2. ACCEPTANCE: This sale of goods is conditioned upon Buyer’s acceptance of
the terms and conditions herein contained. Seller hereby expressly rejects any
and all terms in any purchase order or other document of Buyer which are in
addition to, different from, or inconsistent with these terms and conditions. If this is
a Quotation, it is an offer to sell, subject to final approval by Seller. The offer may
be withdrawn at any time prior to receiving Buyer’s acceptance, and the offer shall
expire automatically if not accepted within thirty (30) days from the date on the
face hereof.
3. TAXES AND DUTIES: Prices are subject to the addition of any applicable
sales, use and excise taxes, customs duties or tariffs, or any other taxes, duties, or
tariffs imposed by a political subdivision, which shall be paid by the Buyer. For tax
purposes, title to the goods shall pass from Seller to Buyer upon being loaded for
shipment whether by common carrier, by Seller’s or Buyer’s own trucks, or
otherwise.
4. CREDIT APPOVAL: Payment must be made in full prior to the commencement
of any product preparation or fabrication unless alternative payment arrangements
are included within the Sales Order and subsequently approved by Seller’s Credit
Department. All alternative payment arrangements contained in any Sales order
are strictly contingent upon final approval by Seller’s Credit Department. Upon
Purchaser’s acceptance of any Sales Order containing alternative payment terms,
Seller’s Credit Department shall have thirty (30) days in which to accept or reject
the Sales Order in its sole discretion based on the creditworthiness of Purchaser.

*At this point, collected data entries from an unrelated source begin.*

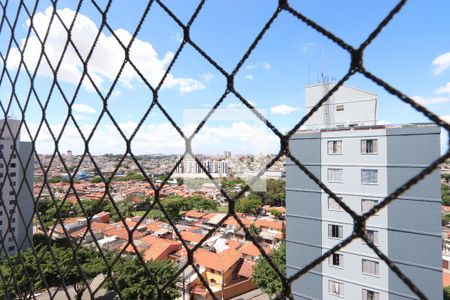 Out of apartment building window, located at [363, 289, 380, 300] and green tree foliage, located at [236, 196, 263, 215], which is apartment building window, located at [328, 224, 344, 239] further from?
green tree foliage, located at [236, 196, 263, 215]

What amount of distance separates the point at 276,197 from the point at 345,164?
11.6 meters

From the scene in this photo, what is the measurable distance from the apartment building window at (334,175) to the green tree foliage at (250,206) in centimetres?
1053

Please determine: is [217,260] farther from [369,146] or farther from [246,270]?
[369,146]

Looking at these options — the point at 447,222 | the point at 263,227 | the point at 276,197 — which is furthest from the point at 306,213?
the point at 276,197

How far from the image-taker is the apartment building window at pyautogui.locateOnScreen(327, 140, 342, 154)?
308 centimetres

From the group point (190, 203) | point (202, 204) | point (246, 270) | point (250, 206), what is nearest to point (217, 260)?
point (246, 270)

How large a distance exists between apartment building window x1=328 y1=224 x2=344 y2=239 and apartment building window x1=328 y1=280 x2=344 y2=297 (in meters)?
0.56

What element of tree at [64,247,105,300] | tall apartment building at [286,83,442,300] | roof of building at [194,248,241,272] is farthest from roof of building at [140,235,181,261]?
tall apartment building at [286,83,442,300]

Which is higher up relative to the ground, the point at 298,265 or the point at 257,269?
the point at 298,265

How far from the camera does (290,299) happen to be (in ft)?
1.24

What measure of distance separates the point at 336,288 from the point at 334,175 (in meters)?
1.37

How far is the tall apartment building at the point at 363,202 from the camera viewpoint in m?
2.68

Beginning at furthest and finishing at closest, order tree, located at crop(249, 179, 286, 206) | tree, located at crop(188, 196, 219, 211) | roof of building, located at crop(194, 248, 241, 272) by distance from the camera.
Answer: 1. tree, located at crop(188, 196, 219, 211)
2. tree, located at crop(249, 179, 286, 206)
3. roof of building, located at crop(194, 248, 241, 272)

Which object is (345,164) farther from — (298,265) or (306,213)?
(298,265) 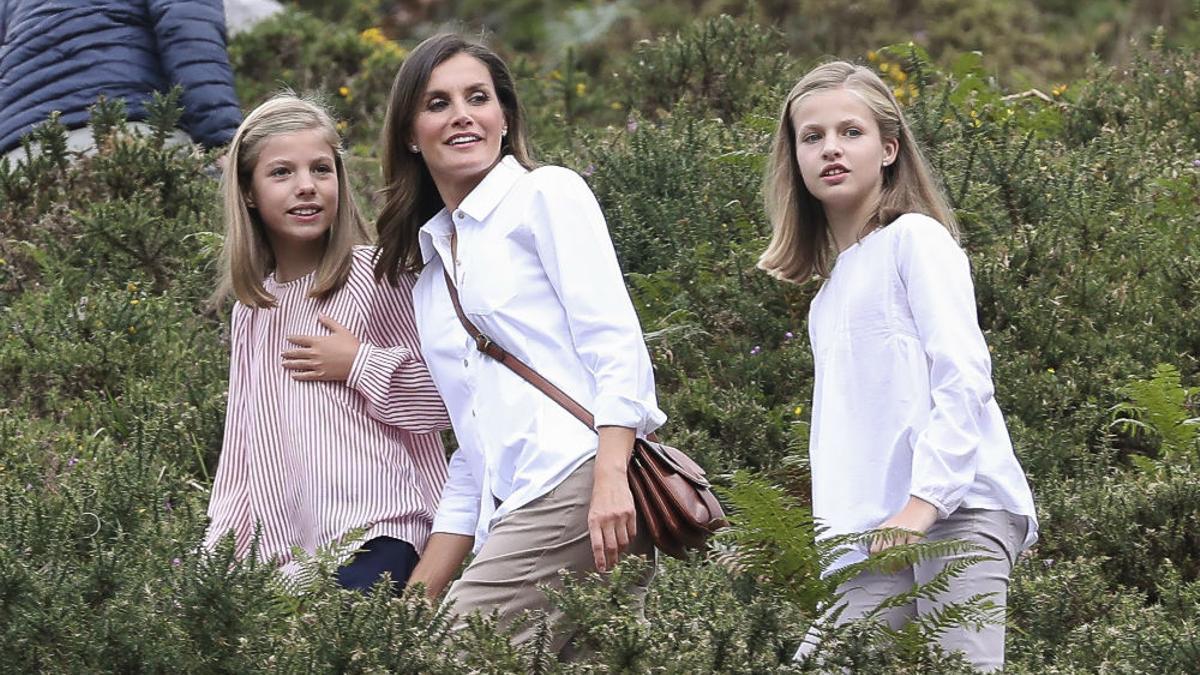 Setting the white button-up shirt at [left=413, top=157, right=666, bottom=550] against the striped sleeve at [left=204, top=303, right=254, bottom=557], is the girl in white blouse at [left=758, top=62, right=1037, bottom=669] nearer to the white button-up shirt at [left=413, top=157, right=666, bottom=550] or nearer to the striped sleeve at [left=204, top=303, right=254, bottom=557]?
the white button-up shirt at [left=413, top=157, right=666, bottom=550]

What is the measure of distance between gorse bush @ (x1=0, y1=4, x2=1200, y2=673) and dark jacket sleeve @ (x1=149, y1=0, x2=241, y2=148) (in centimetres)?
19

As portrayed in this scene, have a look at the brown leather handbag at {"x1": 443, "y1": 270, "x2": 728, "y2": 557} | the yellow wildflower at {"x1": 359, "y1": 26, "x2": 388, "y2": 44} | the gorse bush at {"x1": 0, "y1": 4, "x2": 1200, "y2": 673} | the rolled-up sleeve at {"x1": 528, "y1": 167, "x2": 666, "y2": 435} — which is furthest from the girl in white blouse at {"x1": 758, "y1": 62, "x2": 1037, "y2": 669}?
the yellow wildflower at {"x1": 359, "y1": 26, "x2": 388, "y2": 44}

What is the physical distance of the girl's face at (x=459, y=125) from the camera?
4332 millimetres

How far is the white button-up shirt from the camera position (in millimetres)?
4016

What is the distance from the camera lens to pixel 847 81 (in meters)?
4.28

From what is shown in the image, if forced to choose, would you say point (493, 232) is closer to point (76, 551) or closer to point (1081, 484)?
point (76, 551)

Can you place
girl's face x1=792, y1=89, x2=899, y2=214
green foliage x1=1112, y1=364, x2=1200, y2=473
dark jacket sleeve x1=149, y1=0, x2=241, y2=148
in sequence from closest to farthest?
1. girl's face x1=792, y1=89, x2=899, y2=214
2. green foliage x1=1112, y1=364, x2=1200, y2=473
3. dark jacket sleeve x1=149, y1=0, x2=241, y2=148

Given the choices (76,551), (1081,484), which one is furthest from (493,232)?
(1081,484)

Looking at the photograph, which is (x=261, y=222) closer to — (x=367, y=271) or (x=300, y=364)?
(x=367, y=271)

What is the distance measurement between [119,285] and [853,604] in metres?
4.38

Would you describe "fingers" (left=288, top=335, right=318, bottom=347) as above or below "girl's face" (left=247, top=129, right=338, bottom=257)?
below

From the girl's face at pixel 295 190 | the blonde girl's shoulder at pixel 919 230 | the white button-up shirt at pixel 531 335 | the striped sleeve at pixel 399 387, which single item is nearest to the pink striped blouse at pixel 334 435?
the striped sleeve at pixel 399 387

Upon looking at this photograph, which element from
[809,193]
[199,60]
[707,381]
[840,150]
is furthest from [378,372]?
[199,60]

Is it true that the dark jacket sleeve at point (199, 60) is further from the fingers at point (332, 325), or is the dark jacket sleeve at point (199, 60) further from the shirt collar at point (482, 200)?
the shirt collar at point (482, 200) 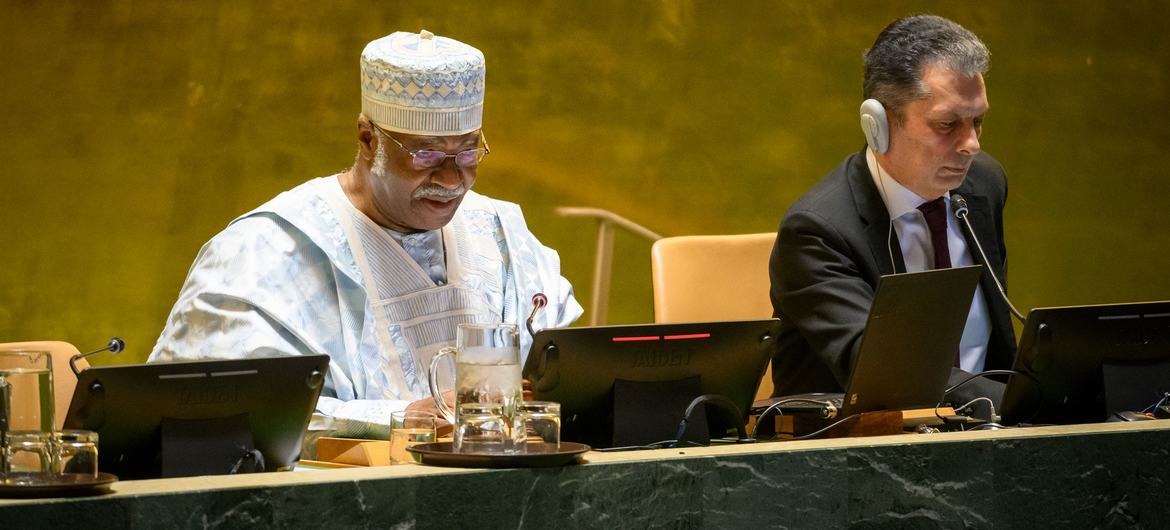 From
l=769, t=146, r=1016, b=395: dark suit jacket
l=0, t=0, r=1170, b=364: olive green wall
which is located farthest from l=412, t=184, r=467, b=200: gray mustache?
l=0, t=0, r=1170, b=364: olive green wall

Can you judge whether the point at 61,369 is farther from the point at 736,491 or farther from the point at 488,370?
the point at 736,491

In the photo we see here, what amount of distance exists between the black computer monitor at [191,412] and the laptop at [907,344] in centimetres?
85

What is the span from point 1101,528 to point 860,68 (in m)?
3.19

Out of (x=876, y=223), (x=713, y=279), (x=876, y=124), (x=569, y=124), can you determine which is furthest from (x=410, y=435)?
(x=569, y=124)

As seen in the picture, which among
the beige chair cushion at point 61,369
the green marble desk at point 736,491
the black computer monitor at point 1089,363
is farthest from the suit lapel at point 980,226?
the beige chair cushion at point 61,369

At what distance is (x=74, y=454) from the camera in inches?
59.6

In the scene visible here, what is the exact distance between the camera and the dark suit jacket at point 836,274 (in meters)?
2.83

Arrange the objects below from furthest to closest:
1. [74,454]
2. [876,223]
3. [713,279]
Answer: [713,279], [876,223], [74,454]

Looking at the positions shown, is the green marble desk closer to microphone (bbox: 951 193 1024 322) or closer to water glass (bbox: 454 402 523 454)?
water glass (bbox: 454 402 523 454)

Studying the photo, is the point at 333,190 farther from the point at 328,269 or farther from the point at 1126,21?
the point at 1126,21

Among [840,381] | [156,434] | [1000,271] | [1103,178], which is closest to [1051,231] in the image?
[1103,178]

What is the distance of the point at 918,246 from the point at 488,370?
60.7 inches

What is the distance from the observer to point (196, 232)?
445cm

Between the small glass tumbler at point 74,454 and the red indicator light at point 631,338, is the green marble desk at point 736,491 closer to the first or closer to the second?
the small glass tumbler at point 74,454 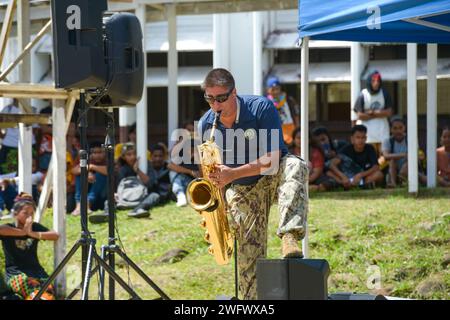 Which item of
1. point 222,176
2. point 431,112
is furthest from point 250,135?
point 431,112

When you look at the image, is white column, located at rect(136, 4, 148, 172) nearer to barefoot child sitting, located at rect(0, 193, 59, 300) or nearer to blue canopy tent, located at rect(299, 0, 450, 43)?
barefoot child sitting, located at rect(0, 193, 59, 300)

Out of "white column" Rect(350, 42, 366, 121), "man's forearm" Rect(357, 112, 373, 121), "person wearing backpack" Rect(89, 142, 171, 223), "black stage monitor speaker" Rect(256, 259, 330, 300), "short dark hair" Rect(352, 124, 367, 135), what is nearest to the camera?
"black stage monitor speaker" Rect(256, 259, 330, 300)

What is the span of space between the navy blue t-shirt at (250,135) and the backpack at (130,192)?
5.77 metres

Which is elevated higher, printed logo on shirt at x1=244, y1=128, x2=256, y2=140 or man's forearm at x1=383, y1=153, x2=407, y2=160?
printed logo on shirt at x1=244, y1=128, x2=256, y2=140

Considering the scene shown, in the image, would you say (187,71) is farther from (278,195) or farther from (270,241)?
(278,195)

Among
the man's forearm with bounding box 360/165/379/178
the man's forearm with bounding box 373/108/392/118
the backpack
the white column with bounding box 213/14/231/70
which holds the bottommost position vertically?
the backpack

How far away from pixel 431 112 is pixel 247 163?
5.20 m

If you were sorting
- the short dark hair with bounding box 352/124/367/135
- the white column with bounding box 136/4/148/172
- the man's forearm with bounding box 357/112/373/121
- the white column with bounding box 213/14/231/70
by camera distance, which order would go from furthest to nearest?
the white column with bounding box 213/14/231/70
the white column with bounding box 136/4/148/172
the man's forearm with bounding box 357/112/373/121
the short dark hair with bounding box 352/124/367/135

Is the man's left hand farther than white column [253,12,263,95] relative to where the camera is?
No

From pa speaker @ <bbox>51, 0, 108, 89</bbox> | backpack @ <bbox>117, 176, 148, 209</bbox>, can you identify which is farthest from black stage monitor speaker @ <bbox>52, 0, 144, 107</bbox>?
backpack @ <bbox>117, 176, 148, 209</bbox>

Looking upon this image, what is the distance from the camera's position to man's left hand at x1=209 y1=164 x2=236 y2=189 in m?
7.89

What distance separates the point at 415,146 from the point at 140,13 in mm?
4285

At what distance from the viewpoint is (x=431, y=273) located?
9.93 meters

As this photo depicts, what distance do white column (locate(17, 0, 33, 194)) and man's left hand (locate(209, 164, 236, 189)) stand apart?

An evaluation of creditworthiness shall include, but not be limited to\, a review of
Seller’s records of Purchaser’s payment history. Any such Sales Order not
accepted within the thirty (30) day period shall be conclusively deemed rejected.
For alternative payment terms, Seller may require Purchaser to execute Seller’s
form of security agreement.
5. PAYMENT TERMS: Purchaser shall make payments in accordance with the
payment arrangements approved by Seller’s Credit Department. If Seller delays
shipment as requested by Purchaser under paragraph 9 hereof, Purchaser shall
pay the full purchase price (or the final installment) within thirty (30) days after the
goods have been completed and, in addition, shall pay a reasonable storage
charge as determined by the Seller. Any balance not paid when due shall bear
interest at the rate of 1.5% per month (18% A.P.R.) on the average daily balance
until paid or the highest rate allowed by applicable law, whichever is less.
Notwithstanding anything to the contrary in paragraph 15 hereof, the parties agree
that Seller may bring suit to collect any unpaid balance due from Purchaser (or
submit such claim to arbitration in Seller’s sole discretion), and Purchaser shall
pay all attorney fees and court costs incurred by Seller in connection with the suit
to collect such unpaid balance. The parties agree that any such suit brought by
Seller shall not be stayed by virtue of any arbitration proceeding between parties,
shall proceed to judgment by the Court, and that all of Purchaser’s defenses,
avoidances and counterclaims (other than the defense of payment) which it might
have shall be submitted to arbitration as provided in paragraph 15. All payment
shall be made in currency of the United States.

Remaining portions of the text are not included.